UCI News

Blending jazz, African dance, technology

Sheron Wray, choreographer and assistant professor of dance, lets audiences shape stage productions - via text messaging.

February 22, 2010
Blending jazz, African dance, technology
“Within each person are secrets that his or her body is privy to,” says Sheron Wray, assistant professor of dance, “and it is through improvisation that we may reach and reveal these places.” Kerrin Piche Serna / University Communications

Sheron Wray finds inspiration in African dance, the improvisational nature of jazz music, and cell phone technology. So it’s not surprising that her stage work combines all three.

An assistant professor of dance at UC Irvine’s Claire Trevor School of the Arts, Wray has developed a performance format called Texterritory that incorporates text messaging from the audience.

“Fewer people are coming to see live shows. It takes innovation to draw larger crowds to the theater,” she says. “We’re taking down a wall that exists between the stage and the audience and allowing people to have a role in how the performance is carried out.”

Wray will demonstrate Texterritory on Monday, Feb. 22, and Tuesday, Feb. 23, at the UCI BodyTech Symposium, which brings together technology researchers and performers to consider mediated physical environments for dance, theater, music and visual arts.

On Thursday, Feb. 25, she will discuss the process of integrating technology and choreography as part of the Center for Computer Games & Virtual Worlds’ seminar series.

Wray describes her interactive productions as “dance for the next generation of audiences.” In response to onstage prompts, attendees text-message answers to open-ended or multiple-choice questions such as “What should the dancer wear on a first date?” and “Why are you here?” The replies affect the show’s music, dance, lighting and narrative.

“Cell phones are such a large part of a modern audience’s identity.
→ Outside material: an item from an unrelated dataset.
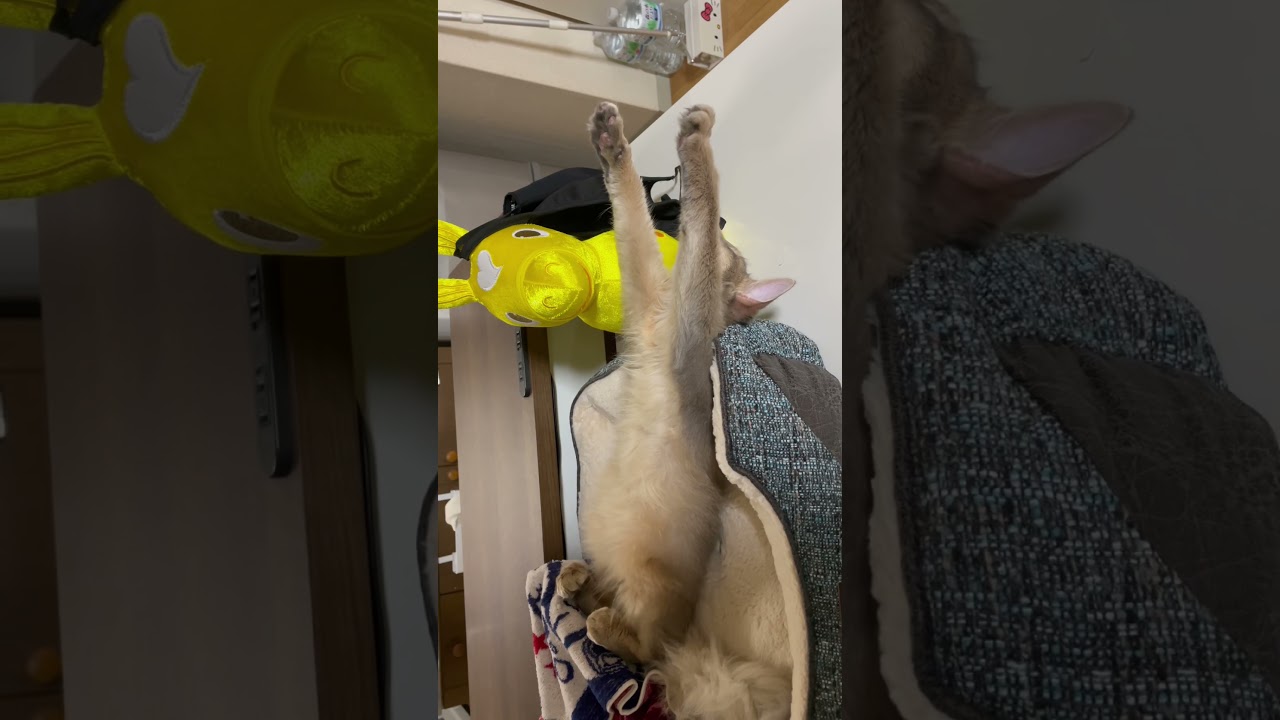 すごい寝かたの子猫　#shorts #ソマリブルー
By allowing people to participate, we make them feel secure about disrupting the theater,” Wray says, laughing.

Trained at the London Contemporary Dance School, she traces her love of dance and music to her childhood in Leicester, 100 miles north of England’s capital.

“I come from a family of great untrained dancers,” Wray says. “I recall the rug being rolled back during parties and everyone dancing to the beat of the music.”
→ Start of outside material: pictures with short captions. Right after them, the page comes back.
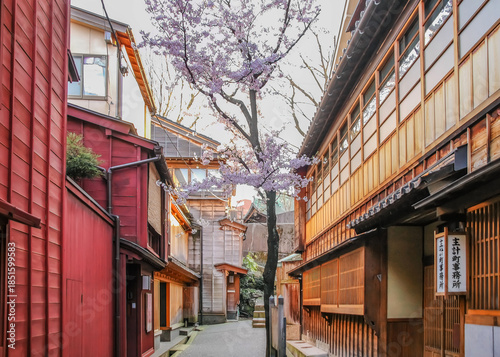 Tableau sur toile 金沢・主計町の茶屋街と路地に咲く桜 / Cherry Blossoms and Traditional Wooden Houses in Kazue-machi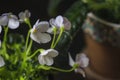 Closeup African Violet or Saintpaulia. Mini Potted plant. A dark background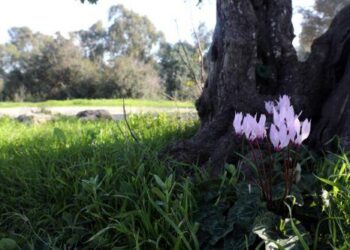 Ορειβατικά και Πεζοπορικά Μονοπάτια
Tap lessons soon followed, but the music and dance of the African diaspora are what most influence Wray’s work.

“Jazz is perhaps the most well known form of music to emerge from the African diaspora,” she says. “I try to bring back the historical relationship between jazz and dance through my stage productions.”

Wray has choreographed contemporary performances in collaboration with jazz greats like trumpeter and composer Winton Marsalis. She also is a co-founder of the Association of Dance of the African Diaspora, which supports the practice and appreciation of that dance form.

Cultivating such appreciation in today’s audiences is important to Wray.

“Many people are having most of their cultural experiences online and have never experienced a live show,” she says. “Our goal is to extend the life of a performance by affirming the viewer’s presence and building a sense of community.”